Our usual language for perceiving dreams is curiously imprecise. We
listen to the dream to see what it is telling us, or we look at what
it says. We see through it in order to hear its message.


The quick movements back and forth between seeing and hearing seem
to prevent either from being the privileged sense for dream work. We
cannot assume that understanding dreams is simply a matter of seeing
by means of images or hearing by means of metaphors. It is as if the
psyche mixes these two modalities to remind us of its complexity: that
at least two senses are needed for grasping an image.


There is something more here: I think we are also being told that
we can’t get at an image at all by sense-perception taken in the usual
Aristotelian or empirical view of it. For images are not the same as
optical pictures, even if they are like pictures (Spring Journal
1978). Nor are they actual physical sounds. We do not literally see
images or hear metaphors; we perform an operation of insight which is
a seeing-through or a hearing-into. The sense-words see and hear
themselves become metaphors because, at one and the same time, we are
using our senses and also not using them as we may believe we are. By
appearing together in the single psychological act of studying an
image, seeing and hearing relativize each other. We see-through our
hearing and listen-into our seeing.


By confronting our usual sense language, images and dreams are also
retraining our senses themselves. They are being freed from the
conceptual constraints which decide how they must perform and what
their proper objects are. So, a dream is indeed a derangement of the
senses as was said so long ago by both rationalists and romantics.
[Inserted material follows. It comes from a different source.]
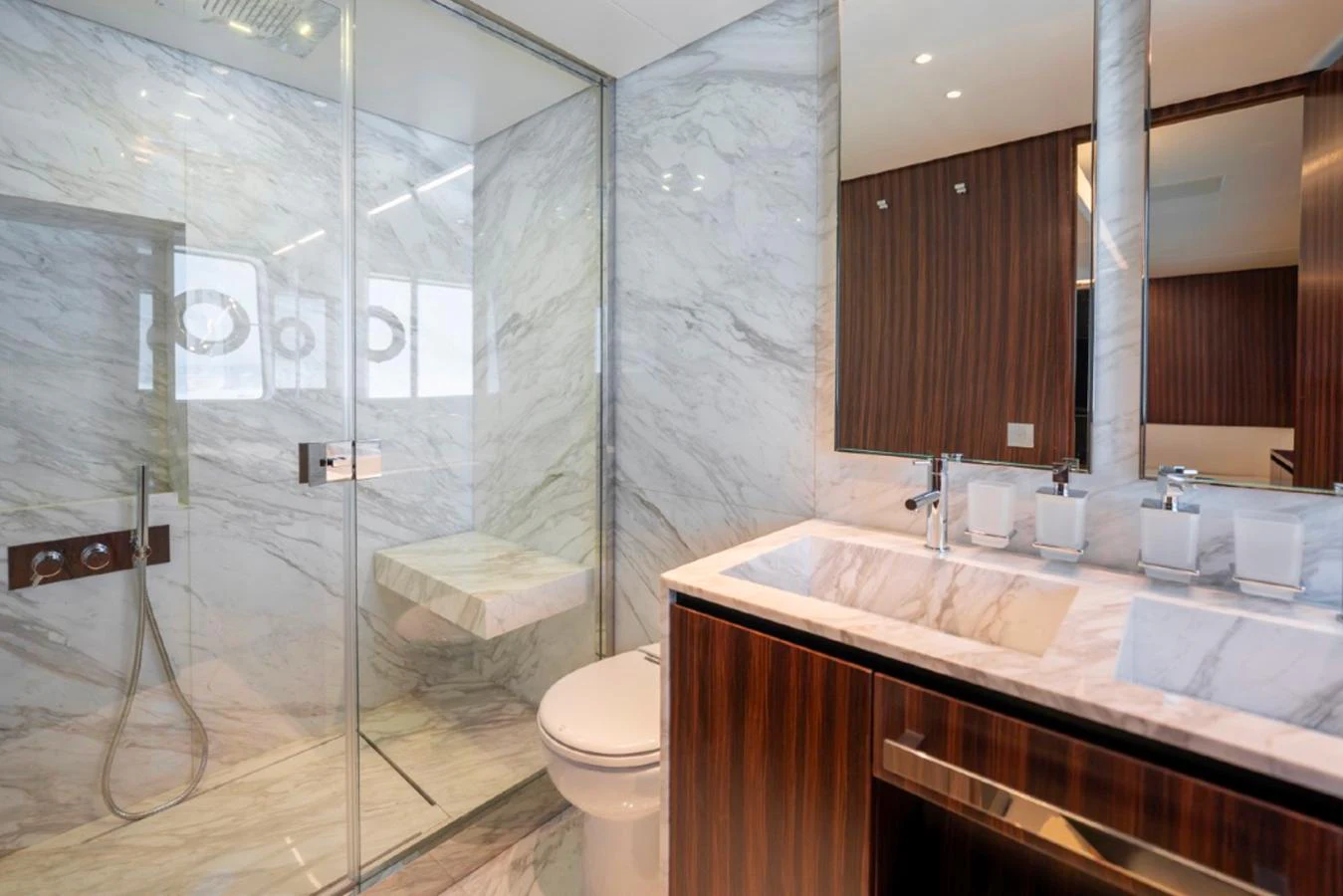 The yacht's bathroom features elegant marble surfaces and modern fixtures. aboard COCO Y Yacht for Sale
Unfortunately, so long as we go about our training in terms of
knowing about images (symbolizing) rather than sensing images
(imagining- cf. Spring 1977, pp. 62-69), we may never let the dream
image derange us enough to retrain us. Much of what we learn to do
with images in training institutes defends against the derangement of
the senses.


I suppose that is why these places are called “training,” rather
than “retraining,” institutes. The senses and the mode of
consciousness based on them are taken for granted; they are given new
kinds of content to work with, but the mode of perceiving the content
is left unquestioned. It is as if one could read the dream of Blake
with the mind of Locke. Whereas lake’s intention is precisely to break
Locke’s notion of consciousness based upon sensation. So, it seems to
me, a primary purpose of the dream is not to redress the balance of
consciousness but to re-train the senses, our simplistic belief in
them, by means of the dream. Dreams, after all, are incursions of
imagination into the usual world of sense which we pretentiously call
“consciousness.” In this world, dreams don’t make sense because sense
doesn’t make dreams. Dreams are images, made of imagination.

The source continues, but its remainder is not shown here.